··· DATA EXTRACTS ···

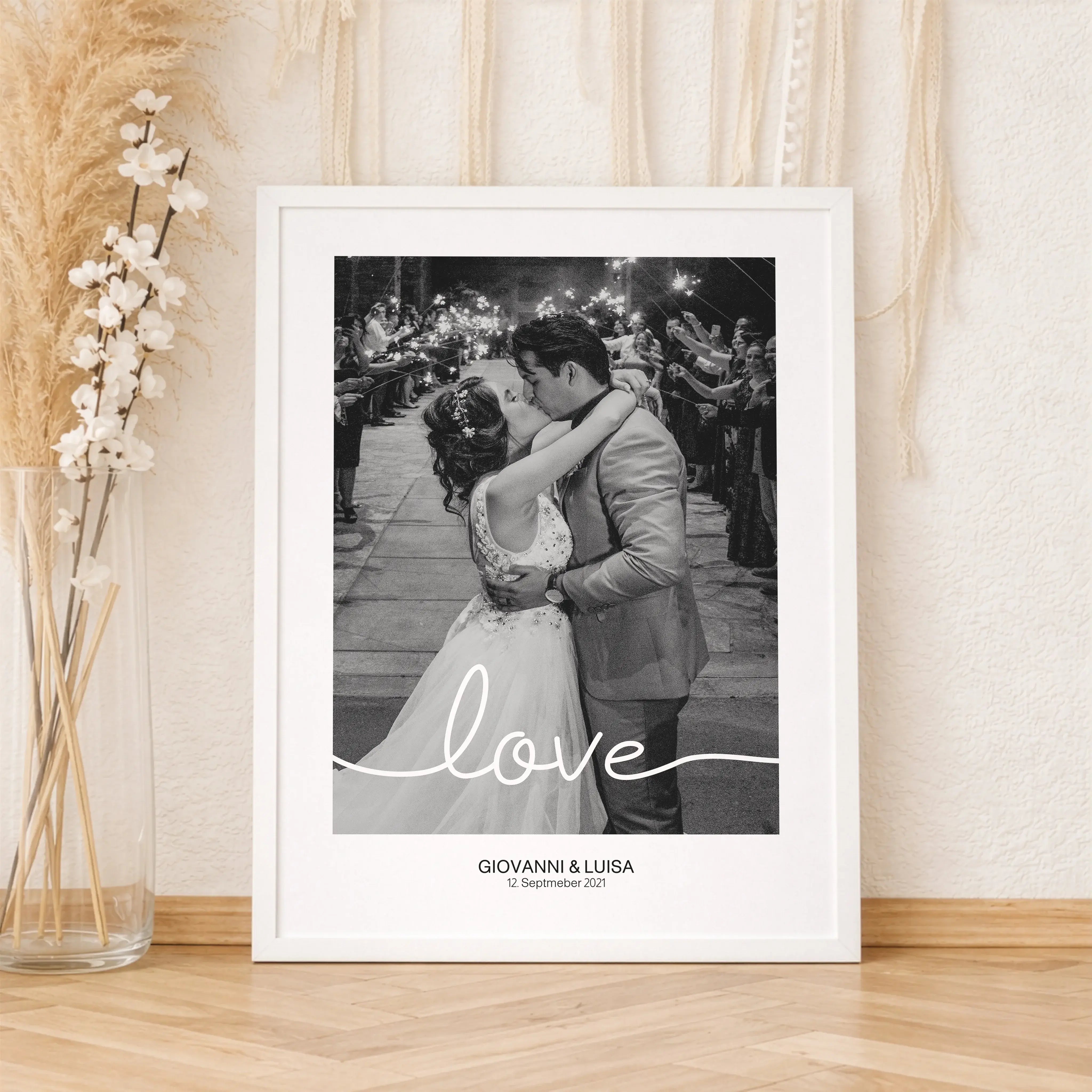 Hochzeitsposter love-Personalisiertes Poster-famprints-Das Hochzeitsposter love von famprints ist eine persönliche Geschenkidee für Paare, die ihre Liebe sichtbar machen möchten. Dein eigenes Foto steht im Mittelpunkt und wird durch den klaren Schriftzug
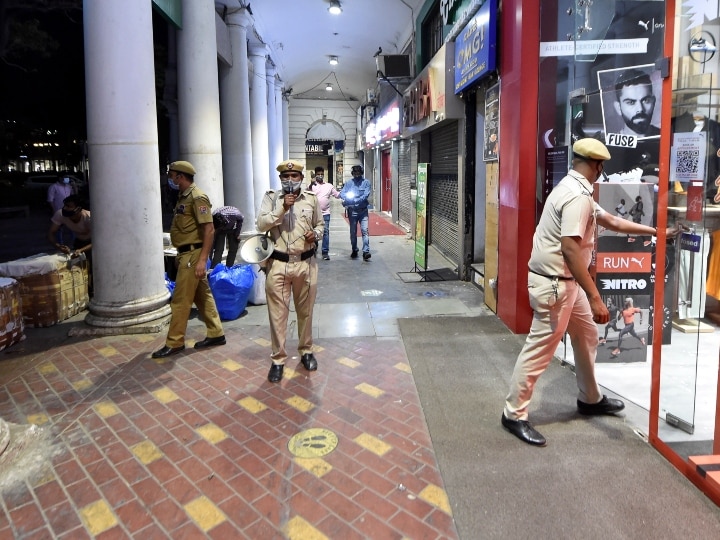 Coronavirus Restrictions: Roaming Outside During Weekend Curfew Can Land You In Jail, Warns Delhi Police Needlessly Roaming Outside During Weekend Curfew Can Land You In Jail, Warn Delhi Police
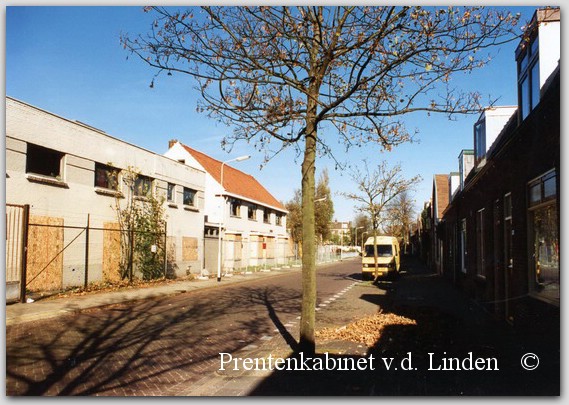 Grote Houtweg
GROTE HOUTWEG   CETABEVER

Wat in 1920 begon als "de Vereenigde Chemische Fabrieken CetaBever" in een bollenschuur in Beverwijk, is uitgegroeid tot een modern concern dat opereert als zelfstandig onderdeel van Akzo Nobel Decorative Coatings bv. De oprichters waren de heren De Lange, Van Steenhoven Sr. en Rozendaal. De naam CetaBever ontstond door de naam van één van de dochters van Van Steenhoven: Greta. Toen ze klein was verbasterde ze dit zelf tot Ceta en met 'Bever' van Beverwijk was een sterk merk geboren. De reclame-slogan; ” Velpon lijmt alles” met de doe-het-zelfde bever in werkbroek was destijds een wereldberoemde verschijning, die mogelijk model heeft gestaan voor Ed en Willem bever uit de Fabeltjeskrant.  In 1963 werd het bedrijf overgenomen door Sikkens en werd het gesloten en gesloopt. Tegenwoordig is Ceta-Bever de merknaam van Akzonobel. 

Bron: Boek “Dit was Beverwijk”, auteurs: J.M. Van der Linden/ W. A. Spruit                 
Bewerking: Co Backer                                                             
Keywords: bwijk grote houtweg ceta bever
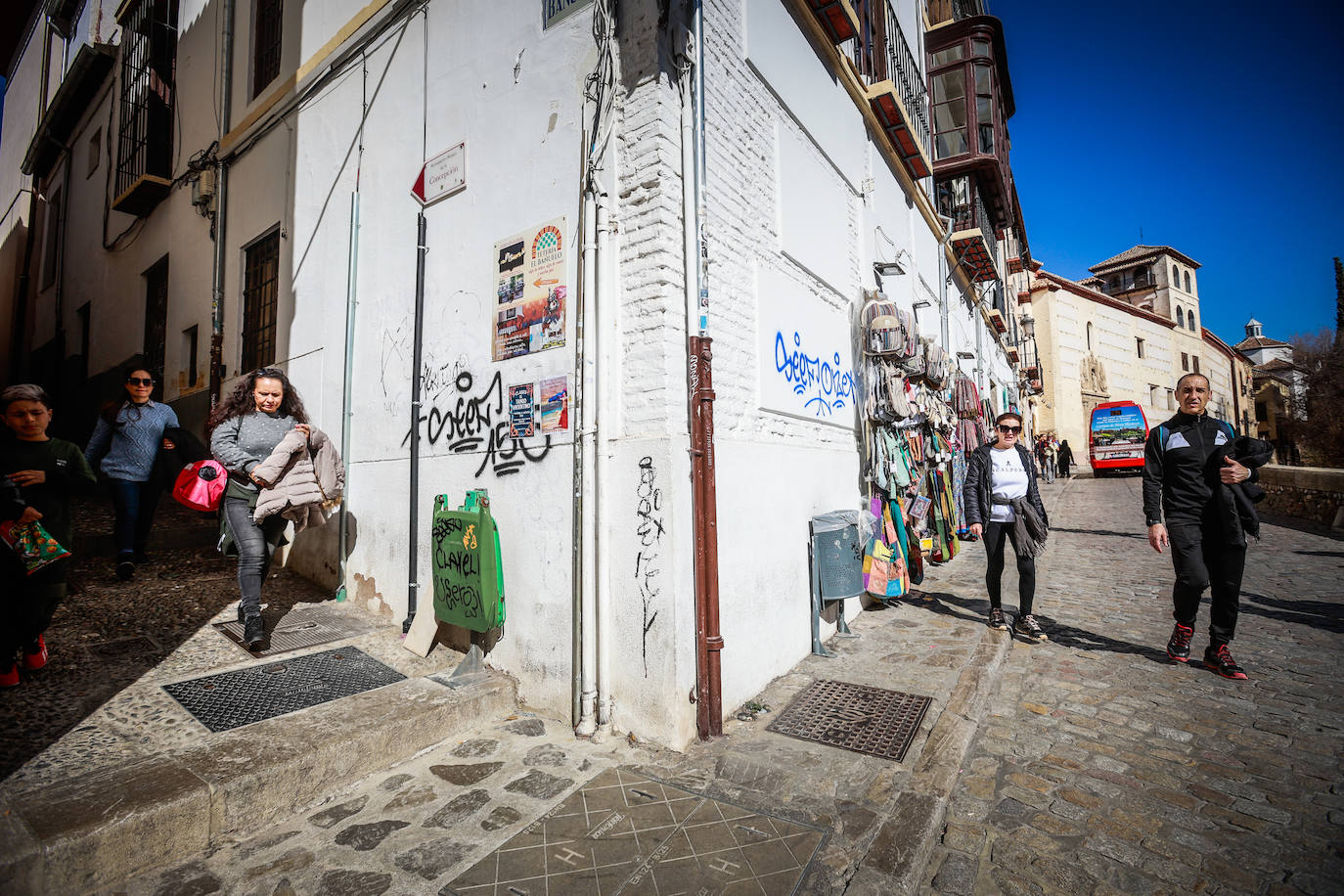 Las imágenes de nuevos actos vandálicos en el patrominio de Granada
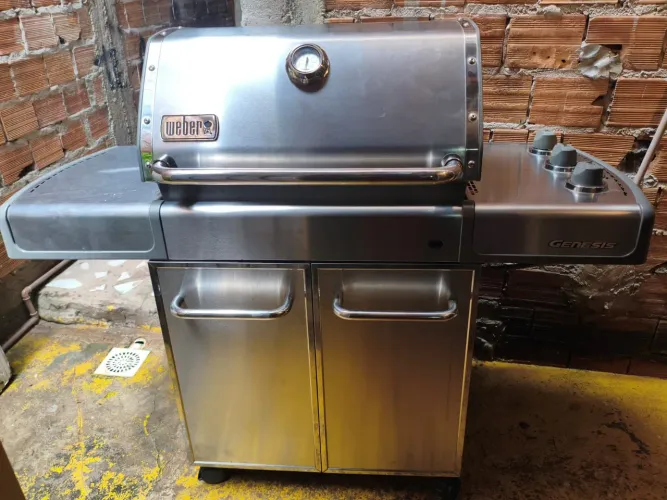 Churrasqueira a gás premium Weber Genesis completa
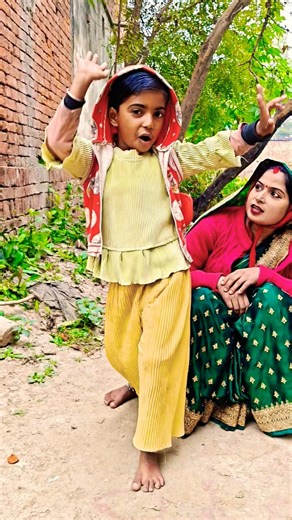 👩‍🦰#2926👩‍🦰mujhe bag do #shortfeed #shorts #funny #entertainment #trending #viral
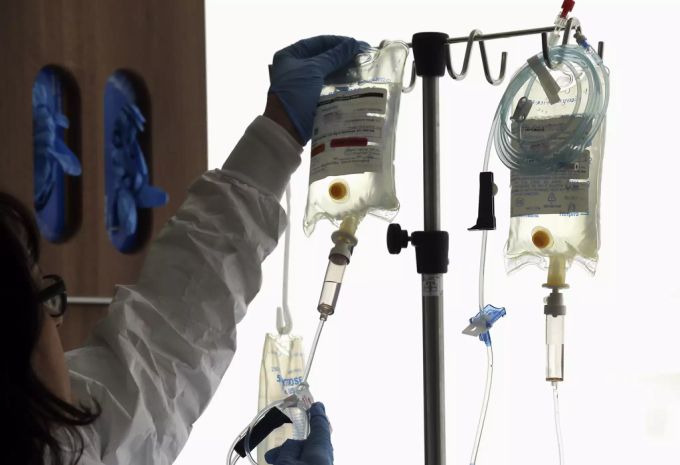 Die Chemotherapie soll bald mit einer individualisierten Immuntherapie erweitert werden. coronavirus krebs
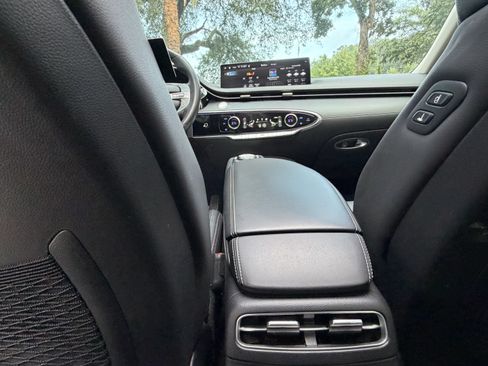 Used 2023 Genesis GV70 2.5T w/ Select Package AWD/4WD image 38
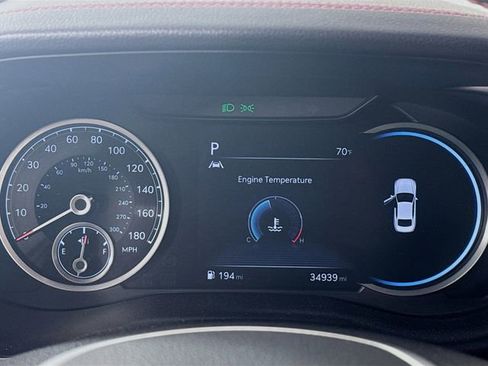 Used 2022 Genesis G70 3.3T image 14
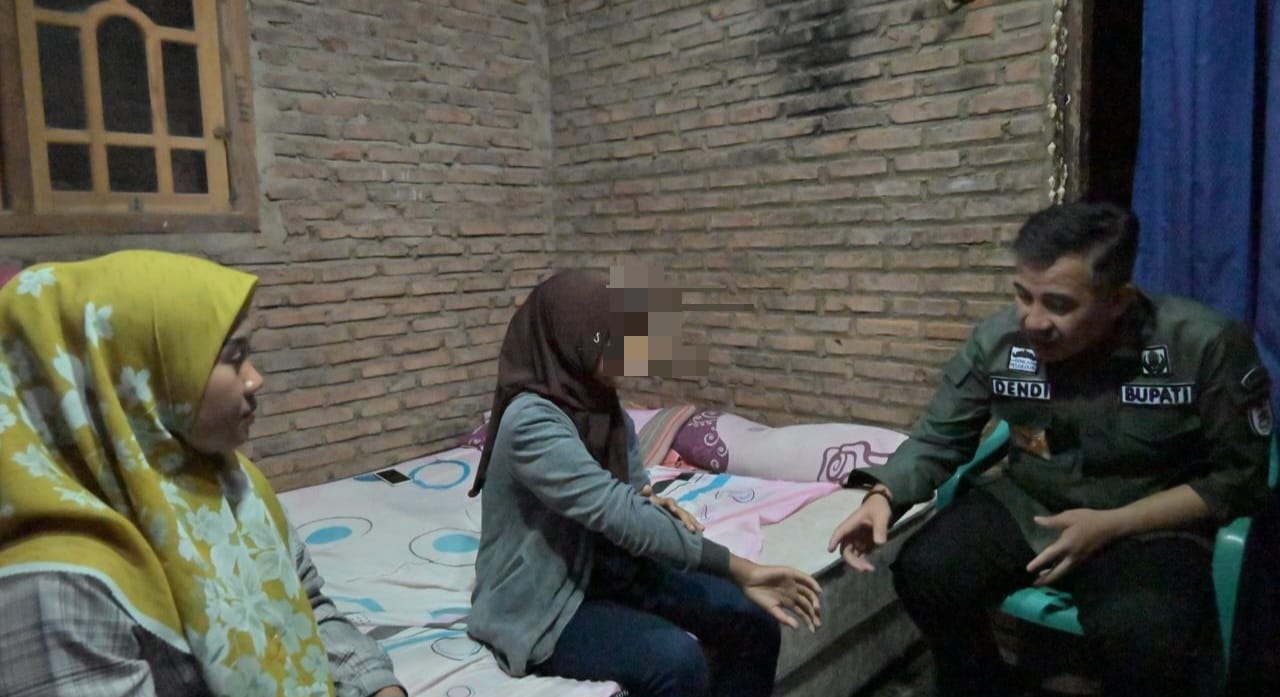 Bupati Dendi Kunjungi Korban Bullying Viral di Medsos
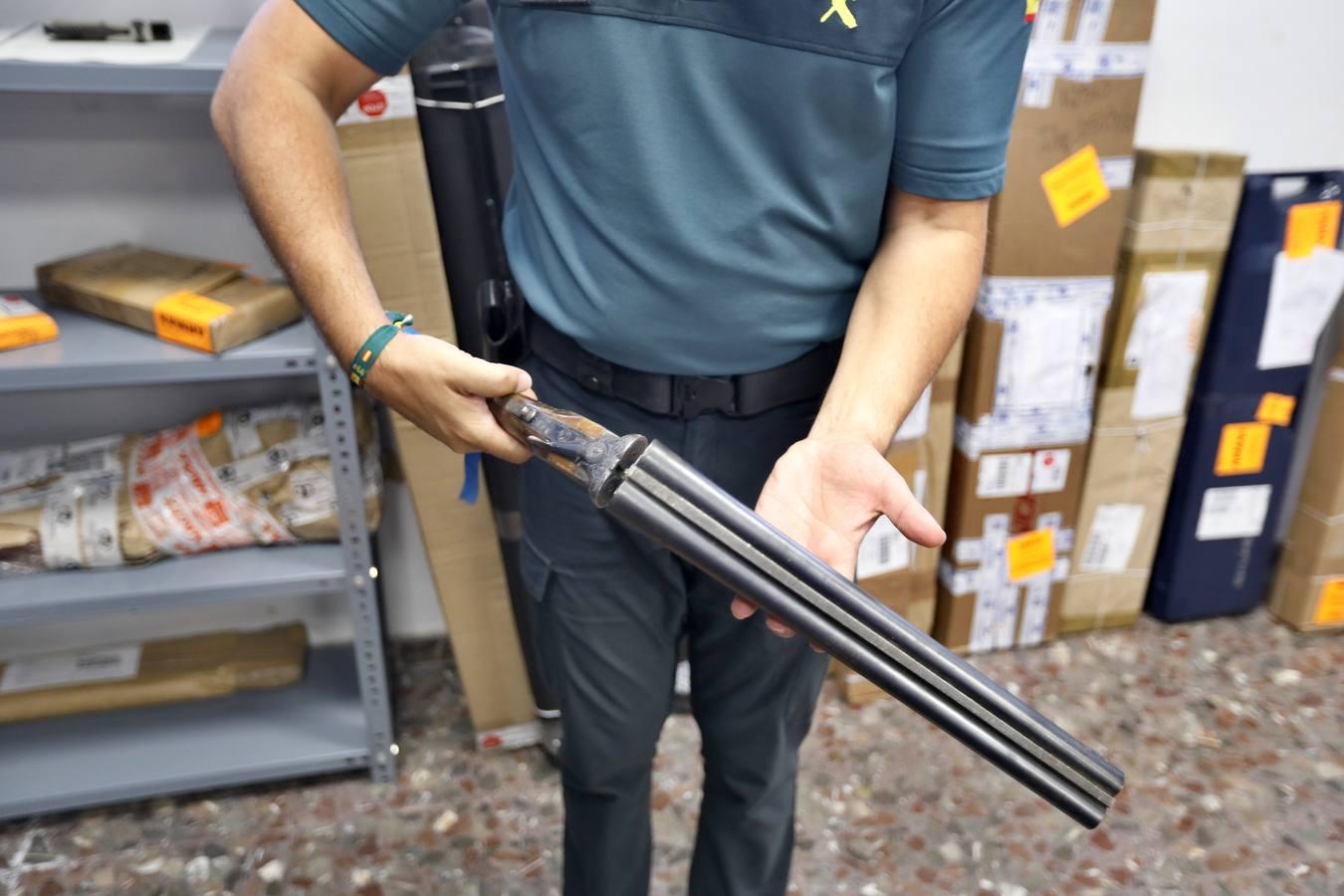 En imágenes, las armas más raras que sobreviven en el depósito de la Guardia Civil de Sevilla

···

■ **YOUR TASK**
The preceding entries are to be written out again exactly, with the pictures removed.

■ **YOUR SOLUTION**
 Hochzeitsposter love-Personalisiertes Poster-famprints-Das Hochzeitsposter love von famprints ist eine persönliche Geschenkidee für Paare, die ihre Liebe sichtbar machen möchten. Dein eigenes Foto steht im Mittelpunkt und wird durch den klaren Schriftzug
 Coronavirus Restrictions: Roaming Outside During Weekend Curfew Can Land You In Jail, Warns Delhi Police Needlessly Roaming Outside During Weekend Curfew Can Land You In Jail, Warn Delhi Police
 Grote Houtweg
GROTE HOUTWEG   CETABEVER

Wat in 1920 begon als "de Vereenigde Chemische Fabrieken CetaBever" in een bollenschuur in Beverwijk, is uitgegroeid tot een modern concern dat opereert als zelfstandig onderdeel van Akzo Nobel Decorative Coatings bv. De oprichters waren de heren De Lange, Van Steenhoven Sr. en Rozendaal. De naam CetaBever ontstond door de naam van één van de dochters van Van Steenhoven: Greta. Toen ze klein was verbasterde ze dit zelf tot Ceta en met 'Bever' van Beverwijk was een sterk merk geboren. De reclame-slogan; ” Velpon lijmt alles” met de doe-het-zelfde bever in werkbroek was destijds een wereldberoemde verschijning, die mogelijk model heeft gestaan voor Ed en Willem bever uit de Fabeltjeskrant.  In 1963 werd het bedrijf overgenomen door Sikkens en werd het gesloten en gesloopt. Tegenwoordig is Ceta-Bever de merknaam van Akzonobel. 

Bron: Boek “Dit was Beverwijk”, auteurs: J.M. Van der Linden/ W. A. Spruit                 
Bewerking: Co Backer                                                             
Keywords: bwijk grote houtweg ceta bever
 Las imágenes de nuevos actos vandálicos en el patrominio de Granada
 Churrasqueira a gás premium Weber Genesis completa
 👩‍🦰#2926👩‍🦰mujhe bag do #shortfeed #shorts #funny #entertainment #trending #viral
 Die Chemotherapie soll bald mit einer individualisierten Immuntherapie erweitert werden. coronavirus krebs
 Used 2023 Genesis GV70 2.5T w/ Select Package AWD/4WD image 38
 Used 2022 Genesis G70 3.3T image 14
 Bupati Dendi Kunjungi Korban Bullying Viral di Medsos
 En imágenes, las armas más raras que sobreviven en el depósito de la Guardia Civil de Sevilla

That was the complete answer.